As a panel of 140 distinguished members of the racing community deliberates their qualifications, here’s a look at the careers and legacies for all three of the newest nominees.
Gil de Ferran
In 1995, de Ferran arrived at the Indianapolis Motor Speedway with 1980 Indianapolis 500 winner Hall/VDS Racing. After qualifying 19th in his debut, de Ferran was involved in a multi-car Lap 1 wreck in the South chute.
Unfortunately, the CART/IRL split kept de Ferran away from the Greatest Spectacle in Racing for the next five runnings.
A year after winning his first title, de Ferran and teammate Helio Castroneves joined famed team owner Roger Penske in his IMS return. For his second start, de Ferran qualified a career-best 5th.
In the 85th running, Castroneves and de Ferran gave Penske his first 1-2 finish and 11th victory in the race. Later that year, de Ferran won two more races and clinched his second title in CART,
Following the team’s shift to IRL in 2002, de Ferran would win twice more. At Indianapolis, he started 14th and finished 10th
In 2003, de Ferran’s back was broken in a violent crash at Phoenix. Despite the pain lingering for several weeks, the veteran driver forged on.
After starting 10th, de Ferran led the final 31 laps to hold off Castroneves in another Penske 1-2. Later that year, de Ferran won at Texas Motor Speedway in his final IndyCar start.
Since then, the Brazilian has moved to the managerial side of the sport. De Ferran has joined Arrow McLaren SP and runs their effort in the NTT IndyCar Series.
Following a successful sportscar career and a venture into NASCAR, Guthrie opted for IndyCar in 1976. After a failed qualifying attempt that year, the two-time 12 Hours of Sebring class winner returned in 1977.
By qualifying 26th for the 1977 race, she became the first female driver in the 61-year history of the Indianapolis 500. However, an engine failure relegated her to 29th after finishing just 27 laps.
For 1978, Guthrie found her greatest success at the track. After qualifying 15th, she completed 190 laps and finished ninth.
In 1979, she started a career-best 14th but a piston issue dropped her to 34th as she ran just 3 laps.
Over the past half-century, few voices have become as synonymous with a sporting event as Paul Page’s has with the Indianapolis 500.
In 1974, he began as a pit reporter for the IMS Radio Network. Following lead announcer Sid Collins’ passing in May of 1977, Page took over as the “Voice of the 500.”
By 1988, Page would jump from radio into television as he became ABC’s lead announcer for their Indianapolis 500 telecasts and did so for 11 years. After three years as CART’s lead announcer, Page returned to the booth at IMS for the 2002 race and remained there through 2004.

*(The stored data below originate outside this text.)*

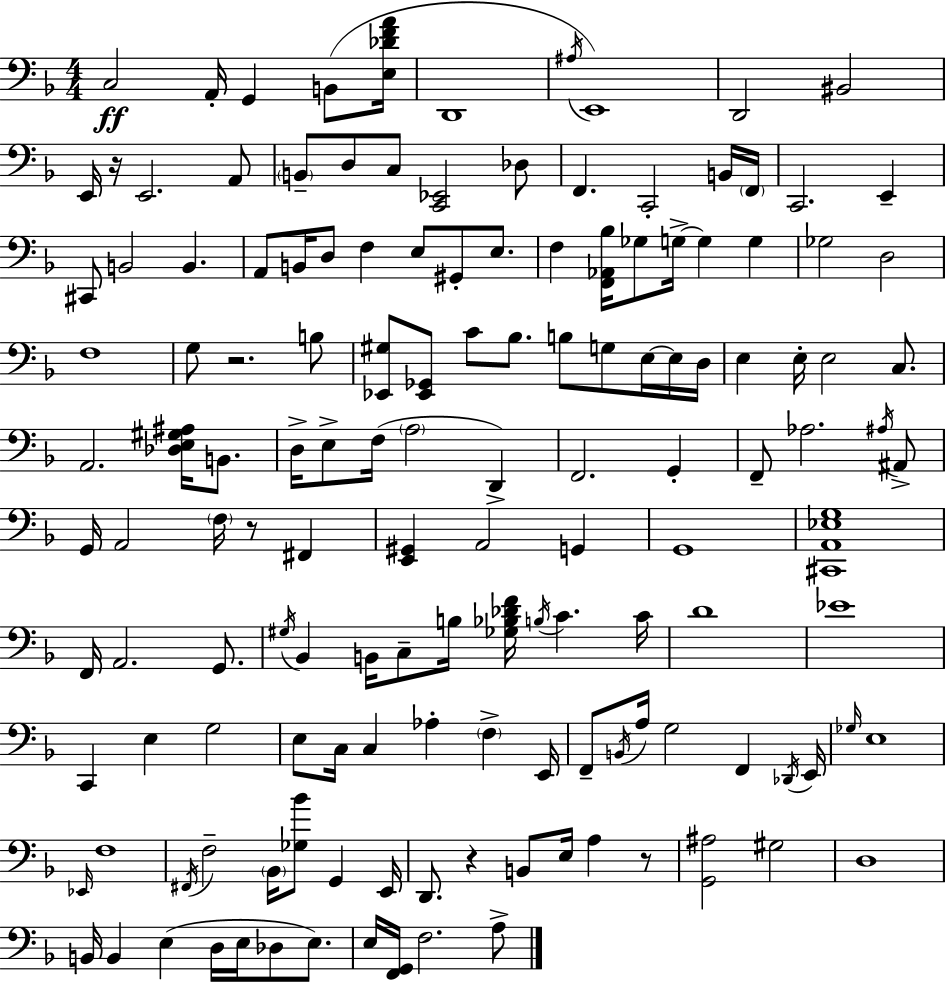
{
  \clef bass
  \numericTimeSignature
  \time 4/4
  \key d \minor
  \repeat volta 2 { c2\ff a,16-. g,4 b,8( <e des' f' a'>16 | d,1 | \acciaccatura { ais16 }) e,1 | d,2 bis,2 | \break e,16 r16 e,2. a,8 | \parenthesize b,8-- d8 c8 <c, ees,>2 des8 | f,4. c,2-. b,16 | \parenthesize f,16 c,2. e,4-- | \break cis,8 b,2 b,4. | a,8 b,16 d8 f4 e8 gis,8-. e8. | f4 <f, aes, bes>16 ges8 g16->~~ g4 g4 | ges2 d2 | \break f1 | g8 r2. b8 | <ees, gis>8 <ees, ges,>8 c'8 bes8. b8 g8 e16~~ e16 | d16 e4 e16-. e2 c8. | \break a,2. <des e gis ais>16 b,8. | d16-> e8-> f16( \parenthesize a2 d,4->) | f,2. g,4-. | f,8-- aes2. \acciaccatura { ais16 } | \break ais,8-> g,16 a,2 \parenthesize f16 r8 fis,4 | <e, gis,>4 a,2 g,4 | g,1 | <cis, a, ees g>1 | \break f,16 a,2. g,8. | \acciaccatura { gis16 } bes,4 b,16 c8-- b16 <ges bes des' f'>16 \acciaccatura { b16 } c'4. | c'16 d'1 | ees'1 | \break c,4 e4 g2 | e8 c16 c4 aes4-. \parenthesize f4-> | e,16 f,8-- \acciaccatura { b,16 } a16 g2 | f,4 \acciaccatura { des,16 } e,16 \grace { ges16 } e1 | \break \grace { ees,16 } f1 | \acciaccatura { fis,16 } f2-- | \parenthesize bes,16 <ges bes'>8 g,4 e,16 d,8. r4 | b,8 e16 a4 r8 <g, ais>2 | \break gis2 d1 | b,16 b,4 e4( | d16 e16 des8 e8.) e16 <f, g,>16 f2. | a8-> } \bar "|."
}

As he spent the next 13 years as part of a variety of ESPN broadcasts, Page found his way back to his roots.
For 2009 to 2013, he worked as a guest analyst during the Indianapolis 500 radio broadcast. In 2014, Page once again became the “Voice of the 500” in addition to the remainder of the IndyCar schedule. For 2016, Turn 3 announcer Mark Jaynes joined Page as co-host before succeeding Page.
Open-Wheels would like to congratulate all 2020 nominees on this prestigious honor. We also would like to thank them for their contributions to racing and the Indianapolis Motor Speedway.